## DATA TO PROCESS
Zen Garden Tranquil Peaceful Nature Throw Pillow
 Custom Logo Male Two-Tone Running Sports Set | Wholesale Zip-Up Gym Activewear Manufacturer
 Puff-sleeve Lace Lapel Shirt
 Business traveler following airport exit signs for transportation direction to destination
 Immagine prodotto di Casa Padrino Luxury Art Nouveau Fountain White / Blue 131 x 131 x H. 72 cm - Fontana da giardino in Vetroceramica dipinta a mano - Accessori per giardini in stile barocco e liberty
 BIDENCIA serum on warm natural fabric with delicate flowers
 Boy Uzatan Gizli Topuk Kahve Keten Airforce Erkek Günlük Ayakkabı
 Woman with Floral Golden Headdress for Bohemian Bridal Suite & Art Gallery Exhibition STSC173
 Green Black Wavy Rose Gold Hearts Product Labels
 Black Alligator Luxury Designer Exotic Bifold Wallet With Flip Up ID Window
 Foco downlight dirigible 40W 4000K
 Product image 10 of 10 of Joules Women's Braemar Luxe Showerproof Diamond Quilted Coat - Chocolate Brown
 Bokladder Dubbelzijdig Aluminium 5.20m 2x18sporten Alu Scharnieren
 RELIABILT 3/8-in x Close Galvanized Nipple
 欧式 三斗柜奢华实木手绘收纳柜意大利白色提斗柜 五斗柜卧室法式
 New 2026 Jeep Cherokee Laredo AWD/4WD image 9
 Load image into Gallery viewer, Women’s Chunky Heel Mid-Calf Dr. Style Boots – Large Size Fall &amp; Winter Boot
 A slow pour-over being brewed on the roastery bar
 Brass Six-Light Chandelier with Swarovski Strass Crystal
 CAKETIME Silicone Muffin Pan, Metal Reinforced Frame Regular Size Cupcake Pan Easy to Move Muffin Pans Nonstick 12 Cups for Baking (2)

## WORK ORDER
Copy out each line of the records character for character.

## ANSWER SECTION
Zen Garden Tranquil Peaceful Nature Throw Pillow
 Custom Logo Male Two-Tone Running Sports Set | Wholesale Zip-Up Gym Activewear Manufacturer
 Puff-sleeve Lace Lapel Shirt
 Business traveler following airport exit signs for transportation direction to destination
 Immagine prodotto di Casa Padrino Luxury Art Nouveau Fountain White / Blue 131 x 131 x H. 72 cm - Fontana da giardino in Vetroceramica dipinta a mano - Accessori per giardini in stile barocco e liberty
 BIDENCIA serum on warm natural fabric with delicate flowers
 Boy Uzatan Gizli Topuk Kahve Keten Airforce Erkek Günlük Ayakkabı
 Woman with Floral Golden Headdress for Bohemian Bridal Suite & Art Gallery Exhibition STSC173
 Green Black Wavy Rose Gold Hearts Product Labels
 Black Alligator Luxury Designer Exotic Bifold Wallet With Flip Up ID Window
 Foco downlight dirigible 40W 4000K
 Product image 10 of 10 of Joules Women's Braemar Luxe Showerproof Diamond Quilted Coat - Chocolate Brown
 Bokladder Dubbelzijdig Aluminium 5.20m 2x18sporten Alu Scharnieren
 RELIABILT 3/8-in x Close Galvanized Nipple
 欧式 三斗柜奢华实木手绘收纳柜意大利白色提斗柜 五斗柜卧室法式
 New 2026 Jeep Cherokee Laredo AWD/4WD image 9
 Load image into Gallery viewer, Women’s Chunky Heel Mid-Calf Dr. Style Boots – Large Size Fall &amp; Winter Boot
 A slow pour-over being brewed on the roastery bar
 Brass Six-Light Chandelier with Swarovski Strass Crystal
 CAKETIME Silicone Muffin Pan, Metal Reinforced Frame Regular Size Cupcake Pan Easy to Move Muffin Pans Nonstick 12 Cups for Baking (2)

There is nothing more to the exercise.